Re: [PATCH v4 01/12] arm64/mm: Update non-range tlb invalidation routines for FEAT_LPA2

From: Marc Zyngier <maz@kernel.org>
To: Ryan Roberts <ryan.roberts@arm.com>
Cc: Catalin Marinas <catalin.marinas@arm.com>,
	Will Deacon <will@kernel.org>,
	Oliver Upton <oliver.upton@linux.dev>,
	Suzuki K Poulose <suzuki.poulose@arm.com>,
	James Morse <james.morse@arm.com>,
	Zenghui Yu <yuzenghui@huawei.com>,
	Ard Biesheuvel <ardb@kernel.org>,
	Anshuman Khandual <anshuman.khandual@arm.com>,
	linux-arm-kernel@lists.infradead.org, kvmarm@lists.linux.dev
Subject: Re: [PATCH v4 01/12] arm64/mm: Update non-range tlb invalidation routines for FEAT_LPA2
Date: Fri, 20 Oct 2023 14:41:29 +0100	[thread overview]
Message-ID: <86pm19o1h2.wl-maz@kernel.org> (raw)
In-Reply-To: <59a62837-1adf-43a5-8716-8068ddbdb7cf@arm.com>

On Fri, 20 Oct 2023 14:21:39 +0100,
Ryan Roberts <ryan.roberts@arm.com> wrote:
> 
> On 20/10/2023 14:02, Marc Zyngier wrote:
> > On Fri, 20 Oct 2023 13:39:47 +0100,
> > Ryan Roberts <ryan.roberts@arm.com> wrote:
> >>
> >> On 20/10/2023 09:05, Marc Zyngier wrote:
> >>> Maybe.
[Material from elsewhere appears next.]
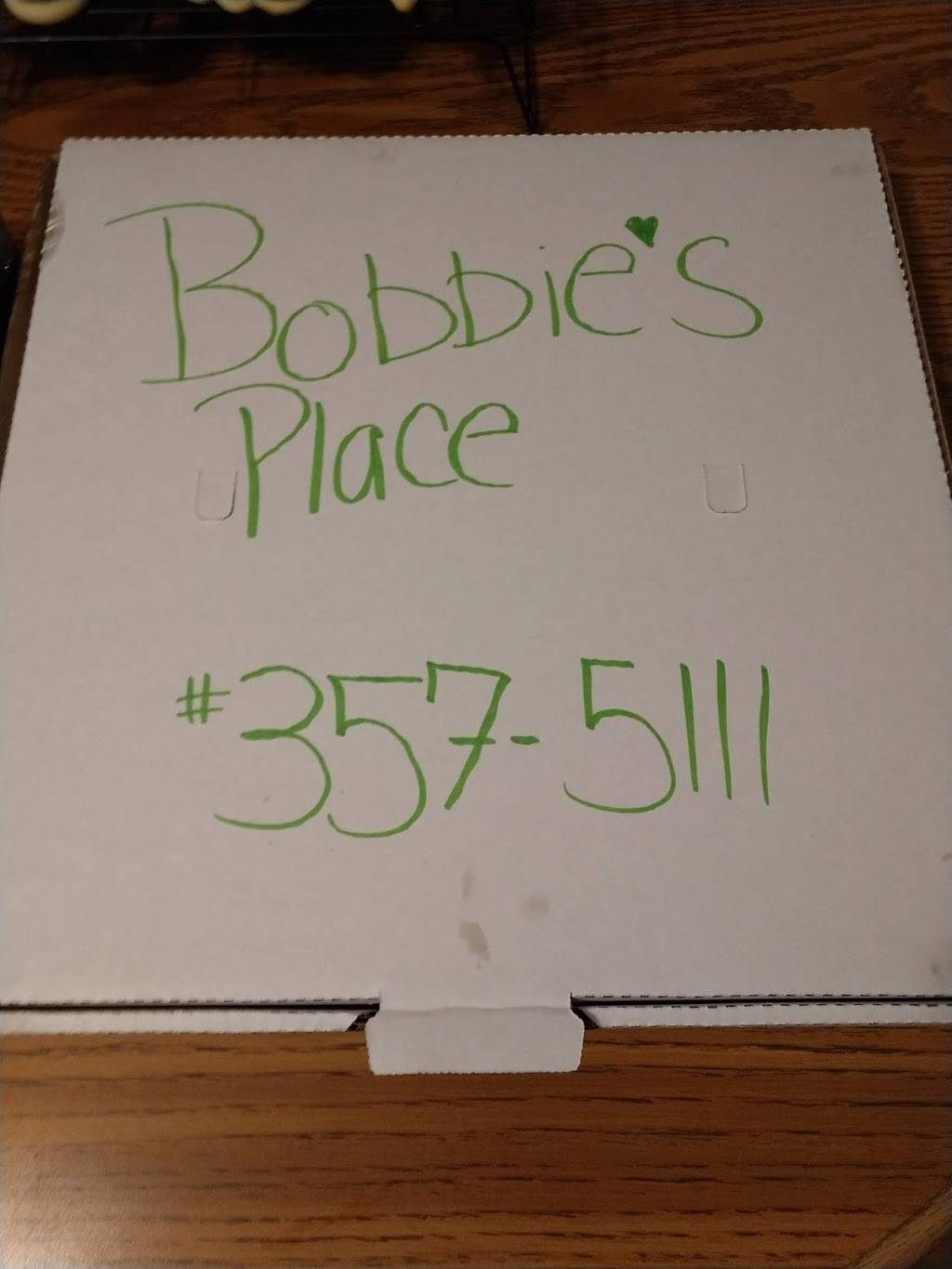 Bobbies Place Pizza and Ice Cream | restaurant | 970 Riverside Dr, Painesville, OH 44077, USA | 4403575111 OR +1 440-357-5111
There is something to be said about making the range rework
> >>> (decreasing scale) an independent patch, as it is a significant change
> >>> on its own. But maybe the rest of the plumbing can be grouped
> >>> together.
> >>
> >> But that's effectively the split I have now, isn't it? The first patch
> >> introduces TLBI_TTL_UNKNOWN to enable use of 0 as a ttl hint. Then the second
> >> patch reworks the range stuff. I don't quite follow what you are suggesting.
> > 
> > Not quite.
> > 
> > What I'm proposing is that you pull the scale changes in their own
> > patch, and preferably without any change to the external API (i.e. no
> > change to the signature of the helper). They any extra change, such as
> > the TTL rework can go separately.
> > 
> > So while this is similar to your existing split, I'd like to see it
> > without any churn around the calling convention. Which means turning
> > the ordering around, and making use of a static key in the various
> > helpers that need to know about LPA2.
> 
> I don't think we can embed the static key usage directly inside
> __flush_tlb_range_op() (if that's what you were suggesting), because this macro
> is used by both the kernel (for its stage 1) and the hypervisor (for stage 2).
> And the kernel doesn't support LPA2 (until Ard's work is merged). So I think
> this needs to be an argument to the macro.

I can see two outcomes here:

- either you create separate helpers that abstract the LPA2-ness for
  KVM and stick to non-LPA2 for the kernel (until Ard's series makes
  it in)

- or you leave the whole thing disabled until we have full LPA2
  support.

Eventually, you replace the whole extra parameter with a static key,
and nobody sees any churn.

> Or are you asking that I make the scale change universally, even if LPA2 is not
> in use? I could do that as its own change change (which I could benchmark), then
> add the rest in a separate change. But my thinking was that we would not want to
> change the algorithm for !LAP2 since it is not as effcient (due to the LPA2 64K
> alignment requirement).

I'm all for simplicity. If having an extra 15 potential TLBIs is
acceptable from a performance perspective, I won't complain. But I can
imagine that NV would be suffering from that (TLBIs on S2 have to
trap).

	M.

-- 
Without deviation from the norm, progress is not possible.